Their vows were appropriately tongue-in-cheek under the circumstances.
"I, Michael, take you, Renee, to be my wife, my partner in life, and my travel companion when I become a Rapid Reward Member today, tomorrow and forever."
That's very cute.
(They danced down the aisle to Chris Brown's "Forever," which is gross, but it's inclear whether they or a passanger chose that music)
Skylee Campbell was one of the many passengers who captured this precious moment on video.
"Can’t think of a better way to spend a late-night, 5 hour flight," Skylee wrote. "Other than watching a wedding happen on the plane!"
It makes sense that the airlines are happy to oblige.
First of all, it gives flight attendants and pilots a break from, you know, the mundane agony of just doing their jobs like they do on every other flight.
Second of all, it gives new, free good press for the airline. Do you know how rare that is, these days?
How many videos have we all seen of people getting dragged off of airplanes?
Earlier this month, there were overlapping horror stories from airplanes. One was of a man removed for his foul body odor.
Another was of a man who, according to the woman who was seated beside him, was allegedly masturbating during the flight.

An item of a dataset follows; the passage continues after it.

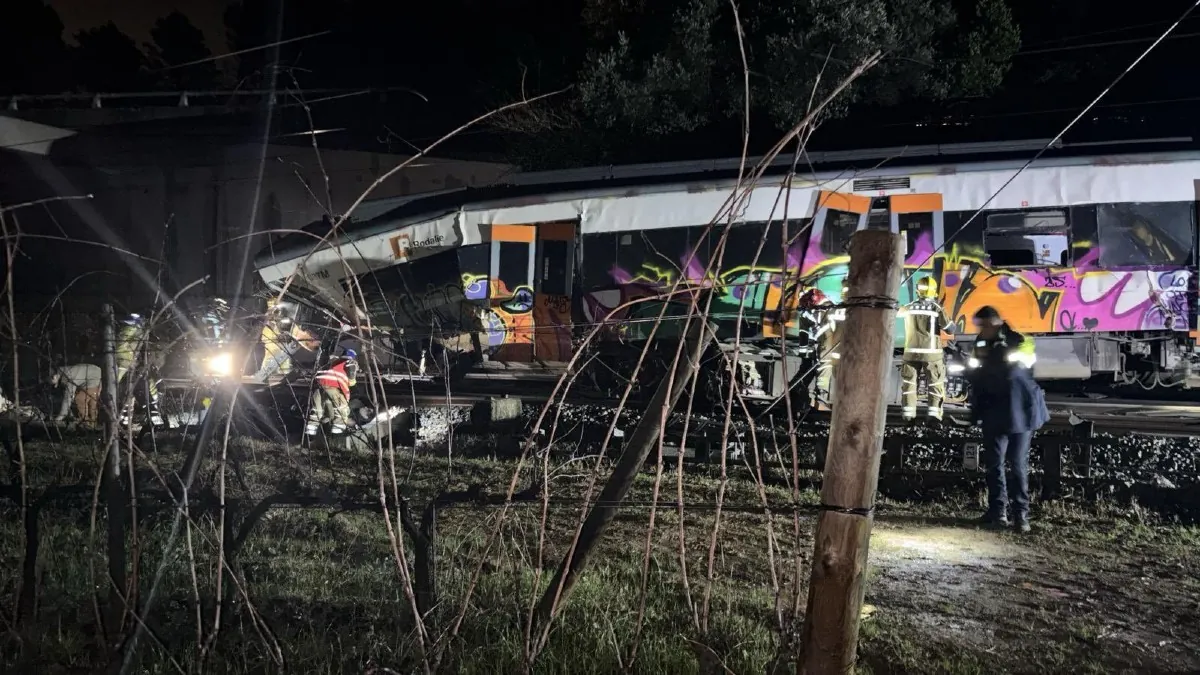Un muerto y 20 heridos en el descarrilamiento de un tren de Rodalies en Barcelona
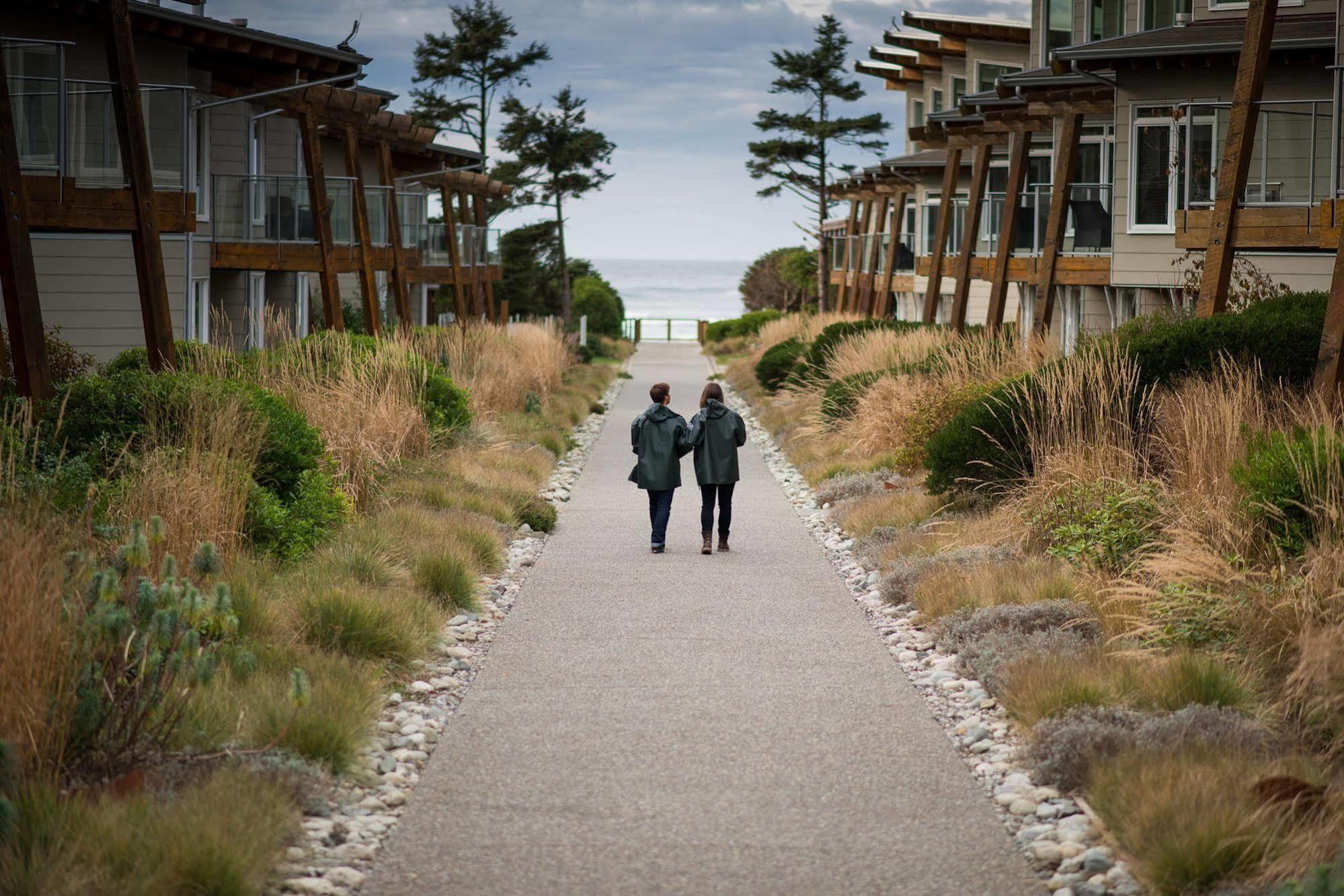 Cox Bay Beach Resort Tofino Eksteriør billede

So, yes, a heartwarming story that takes place on an airplane is clearly welcome. From their perspective.
There are ethical concerns to getting marred in a plane in this manner.
The ceremony is sweet, sure. But … the passengers didn't sign up for this.
These two were effectively tying the knot in front of a captive audience who, rather than being invited to a wedding ceremony between strangers, found themselves immersed in it against their will.
Sometimes public proposals happen like this, but it usually only monopolizes a minute or two of people's time.
This was a whole wedding ceremony, and the captain was speaking over the intercom. That's not exactly easy to avoid.
On top of that … imagine having to go to the bathroom while on the flight. That's an unpleasant prospect at any point, because the process of flying is an exercise in misery.
But interrupting a wedding that you never asked to attend adds extra unpleasantness to being squeezed into a small nightmare bathroom while hurtling through the clouds in a metal tube.
Still … we haven't actually heard any complaints.
The flight crew reportedly had all of the passengers activate their overhead lights to illuminate the aisle.
It's such a cute story.
Apparently, the crew was happy to comply.
This couple is hardly the first to get married on a flight, and they won't be the last.
Honestly, airplane tickets might be expensive considering the conditions that people endure on flights, but they can't compare to the price of a more traditional wedding.
Good for these two for thinking outside of the box.
And good for the flight crew and passengers for indulging them.